Man of Steel innovates by having the first African American Perry White. Additionally, it is the first Jonathan Kent who is forced to deal with a world without tropes... rather than rely on platitudes which work only in the comic book world, it presented a Jonathan Kent who hoped for and had faith in a great destiny for his son, but was equally confronted by the threat to Clark- and the world- if his secret were to be revealed too soon. In 1980, Jonathan would not have had the internet. Imagine his panic when the Kansas State metallurgist began to ask him question after question- which may lead to Clark's secret being blown, him being taken away, experimented upon, questioned without being able to provide answers- Jonathan would have grabbed the Key from the scientist, run from that place, trembling at how he nearly risked losing his son, breaking Martha's heart, etc. Man of Steel innovates by showing that Superman can still be relevant and mean something in a world without the tropes to protect his identity, to conveniently save his dad, to ensure the lives of everyone involved without collateral, and even the protection of his own innocence. It shows Superman can still go through all that and be the hero we want him to be.

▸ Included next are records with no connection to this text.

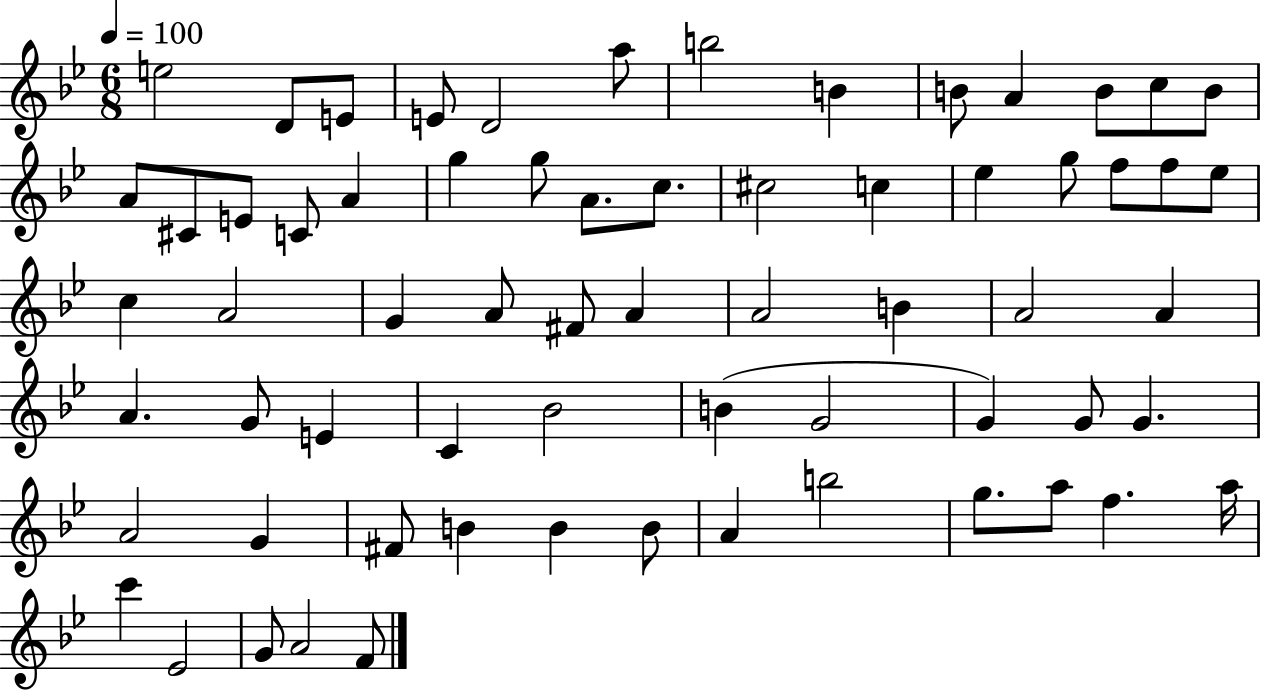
{
  \clef treble
  \numericTimeSignature
  \time 6/8
  \key bes \major
  \tempo 4 = 100
  \repeat volta 2 { e''2 d'8 e'8 | e'8 d'2 a''8 | b''2 b'4 | b'8 a'4 b'8 c''8 b'8 | \break a'8 cis'8 e'8 c'8 a'4 | g''4 g''8 a'8. c''8. | cis''2 c''4 | ees''4 g''8 f''8 f''8 ees''8 | \break c''4 a'2 | g'4 a'8 fis'8 a'4 | a'2 b'4 | a'2 a'4 | \break a'4. g'8 e'4 | c'4 bes'2 | b'4( g'2 | g'4) g'8 g'4. | \break a'2 g'4 | fis'8 b'4 b'4 b'8 | a'4 b''2 | g''8. a''8 f''4. a''16 | \break c'''4 ees'2 | g'8 a'2 f'8 | } \bar "|."
}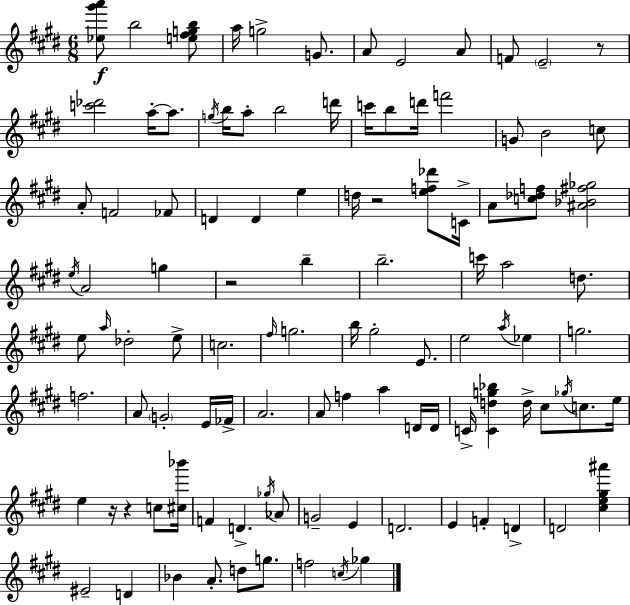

The Superman who was lost because he wasn't sure if holding back was the right thing with Jonathan, held back nothing during the Black Zero Event... not his secrecy, not his ship, his command key, his people, his freedom, his life, or his innocence... he shed blood, like many servicemen before him, which would leave him marked- certainly- but with the assurance he did the right thing. Reaffirmed everyday that he sees his new city, new girlfriend, new job, new calling that he's waited his whole life to fulfill... every time he sees his mother, alive and well, and uses his powers publicly. The Superman after MOS has every reason to be of a positive disposition. Superman is analogous to emergency services, who can't do their jobs if they're burdened by those they didn't save, rather they move forwards on the basis that they did their best and will continue to do so... which is exactly what Superman did in MOS and why the last three scenes show an unburdened Superman.
Lastly, the film makes many innovations about and on Krypton. Many find their inspiration in prior versions, but the idea that Superman was uniquely gifted with free will and the bearer of all of Krypton's genes is an innovation.